- _Work to be completed_
Word for word, return the lines from the start of the entries below through the line that has "Used 2023 Jeep Compass Trailhawk image 34".

- _Exercise inputs_
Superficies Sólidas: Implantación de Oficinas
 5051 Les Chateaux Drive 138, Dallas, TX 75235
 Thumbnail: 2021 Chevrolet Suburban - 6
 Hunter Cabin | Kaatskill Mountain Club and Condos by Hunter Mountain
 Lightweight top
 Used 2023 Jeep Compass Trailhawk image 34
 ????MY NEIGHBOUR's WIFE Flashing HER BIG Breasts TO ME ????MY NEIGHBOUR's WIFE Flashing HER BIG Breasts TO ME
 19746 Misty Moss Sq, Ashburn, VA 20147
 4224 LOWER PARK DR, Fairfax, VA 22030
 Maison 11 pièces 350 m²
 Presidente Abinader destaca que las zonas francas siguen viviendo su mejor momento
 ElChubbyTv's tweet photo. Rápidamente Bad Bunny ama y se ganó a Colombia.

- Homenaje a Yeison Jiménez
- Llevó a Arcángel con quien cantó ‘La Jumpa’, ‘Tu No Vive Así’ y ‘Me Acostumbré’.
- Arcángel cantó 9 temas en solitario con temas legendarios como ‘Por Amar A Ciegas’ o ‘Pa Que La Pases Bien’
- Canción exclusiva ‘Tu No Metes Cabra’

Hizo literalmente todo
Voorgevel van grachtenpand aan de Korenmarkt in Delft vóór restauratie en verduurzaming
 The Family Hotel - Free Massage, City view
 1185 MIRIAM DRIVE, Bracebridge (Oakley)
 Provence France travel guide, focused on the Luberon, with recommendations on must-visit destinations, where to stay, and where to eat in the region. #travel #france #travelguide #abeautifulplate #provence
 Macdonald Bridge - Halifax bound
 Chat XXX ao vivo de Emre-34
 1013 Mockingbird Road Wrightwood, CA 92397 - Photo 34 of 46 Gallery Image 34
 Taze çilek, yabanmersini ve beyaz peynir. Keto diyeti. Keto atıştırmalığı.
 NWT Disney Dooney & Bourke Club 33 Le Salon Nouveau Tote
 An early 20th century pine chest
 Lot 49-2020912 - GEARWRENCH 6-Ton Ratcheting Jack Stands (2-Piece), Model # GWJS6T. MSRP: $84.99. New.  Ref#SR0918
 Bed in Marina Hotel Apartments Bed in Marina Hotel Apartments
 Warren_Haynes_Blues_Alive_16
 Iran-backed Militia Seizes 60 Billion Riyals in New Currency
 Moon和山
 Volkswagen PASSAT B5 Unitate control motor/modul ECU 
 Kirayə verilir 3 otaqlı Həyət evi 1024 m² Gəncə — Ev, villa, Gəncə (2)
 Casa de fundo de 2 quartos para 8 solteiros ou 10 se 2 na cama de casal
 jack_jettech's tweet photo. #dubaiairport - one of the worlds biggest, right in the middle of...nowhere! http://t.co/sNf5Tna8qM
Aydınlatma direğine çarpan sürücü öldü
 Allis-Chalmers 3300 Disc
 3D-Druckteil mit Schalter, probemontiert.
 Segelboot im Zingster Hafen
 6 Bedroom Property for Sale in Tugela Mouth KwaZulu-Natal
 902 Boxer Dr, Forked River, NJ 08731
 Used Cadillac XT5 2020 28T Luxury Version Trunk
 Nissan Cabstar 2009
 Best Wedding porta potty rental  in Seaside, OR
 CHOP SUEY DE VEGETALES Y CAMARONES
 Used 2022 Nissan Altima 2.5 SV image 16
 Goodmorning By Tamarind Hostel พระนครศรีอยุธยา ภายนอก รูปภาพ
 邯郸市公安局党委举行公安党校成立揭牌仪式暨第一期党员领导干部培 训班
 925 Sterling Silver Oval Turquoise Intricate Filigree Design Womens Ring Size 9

- _Answer to the exercise_
Superficies Sólidas: Implantación de Oficinas
 5051 Les Chateaux Drive 138, Dallas, TX 75235
 Thumbnail: 2021 Chevrolet Suburban - 6
 Hunter Cabin | Kaatskill Mountain Club and Condos by Hunter Mountain
 Lightweight top
 Used 2023 Jeep Compass Trailhawk image 34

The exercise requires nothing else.